Mathias Körber mathias at koerber.org
Wed Feb 14 10:52:27 UTC 2001


> Are you saying that if I have a mail server with an MX priority 
> of 04 and a
> backup mail server with an MX priority of 10, and the priority 04 server
> goes down, that the priority 10 mail server will not deliver the email? It
> will just hold it until the priority 04 mail server comes back up?

That really is a decision outside the DNS. The priority field in the MX
records only specifies in which sequence the mailservers for a domain get
tried for delivery of the mail.
WHether those mailservers then attempt further delivery inside the domain
(by means of private routing information or via a separateprotcol etc)
or just hold the mail until the lowest prio (or 'a lower-prio') mailserver is
up again, and then forward it to that server is up to the admins to decide.
Both methods work (I'm sure there are more waysto do this) depending
on the mailserver setup.

Usually, in the absence of other configuration or further mail-routing instructions, 
they will just wait to deliver the mail to any of the mailservers with a lower priority.

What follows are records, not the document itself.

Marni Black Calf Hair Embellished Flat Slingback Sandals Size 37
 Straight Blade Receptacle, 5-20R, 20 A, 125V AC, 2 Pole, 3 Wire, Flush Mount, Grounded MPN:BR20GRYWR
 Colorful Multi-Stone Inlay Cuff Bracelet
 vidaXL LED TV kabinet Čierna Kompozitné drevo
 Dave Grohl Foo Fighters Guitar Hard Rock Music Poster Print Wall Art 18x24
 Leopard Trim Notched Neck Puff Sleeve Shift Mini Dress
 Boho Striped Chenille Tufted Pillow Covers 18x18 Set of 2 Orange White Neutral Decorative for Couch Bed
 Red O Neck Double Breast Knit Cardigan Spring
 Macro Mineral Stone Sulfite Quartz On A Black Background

Such further routing instruction could be
	- a different set of MX records found using the 'inside' DNS view (in a split
		DNS scenario)
	- a mailertable setup in sendmail (which overrides DNS)
	- a configuration that drops the received mail into a different
		protocol (eg an MS exchange network)
	- it could print out the mail to have it hand-delivered or somesuch
	- many other things

The MX records only specify where an outside mailserver drops mail for a
domain. WHat actually happens inside is totaly separate and differs
according to what the admins for that domain set up.